Linux1-new  36352 Version:true
Linux1-1625543  9847
Linux1:16254 8467563 

remark - space or TAB could be before the first filed

15

One way:

echo "Linux1_ver2  12542 kernel-update"  |  awk '$1 ~ /^ *Linux1/'
  • $1 and ^ are redundant. Your proposal doesn't cover tabs. – Hauke Laging Apr 17 '13 at 10:40
  • 1
    @HuakeLaging Why do you think the $1 and ^ are redundant? I am quite sure both are required so that the first word is matched against only, and so that the match is anchored at the start (e.g., "mLinux" could be matched by /Linux1/, but not by /^Linux/). – Nick Bull May 27 '18 at 11:46
21

awk ignores leading blanks when assigning fields.
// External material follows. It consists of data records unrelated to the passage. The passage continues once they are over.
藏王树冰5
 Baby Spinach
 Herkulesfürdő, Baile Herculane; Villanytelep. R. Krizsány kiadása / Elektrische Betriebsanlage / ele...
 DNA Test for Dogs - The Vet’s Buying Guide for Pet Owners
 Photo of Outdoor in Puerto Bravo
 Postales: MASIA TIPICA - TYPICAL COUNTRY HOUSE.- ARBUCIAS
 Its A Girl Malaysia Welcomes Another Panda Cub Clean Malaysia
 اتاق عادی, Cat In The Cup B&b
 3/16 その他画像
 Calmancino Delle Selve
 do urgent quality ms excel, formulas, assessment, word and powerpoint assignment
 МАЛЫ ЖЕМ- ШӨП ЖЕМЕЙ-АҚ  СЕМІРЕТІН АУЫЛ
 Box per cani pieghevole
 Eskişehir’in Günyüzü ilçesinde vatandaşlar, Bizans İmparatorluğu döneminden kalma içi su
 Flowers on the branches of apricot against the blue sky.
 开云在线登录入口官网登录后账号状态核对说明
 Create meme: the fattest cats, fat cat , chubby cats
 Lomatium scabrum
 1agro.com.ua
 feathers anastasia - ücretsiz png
The default command is print.

awk '$1 ~ /^Linux1/'

Is what you want.

Detailed explanation:

  • $1 tells awk to look at the first "column".
  • ~ tells awk to do a RegularExpression match /..../ is a Regular expression.
  • Within the RE is the string Linux and the special character ^.
  • ^ causes the RE to match from the start (as opposed to matching anywhere in the line).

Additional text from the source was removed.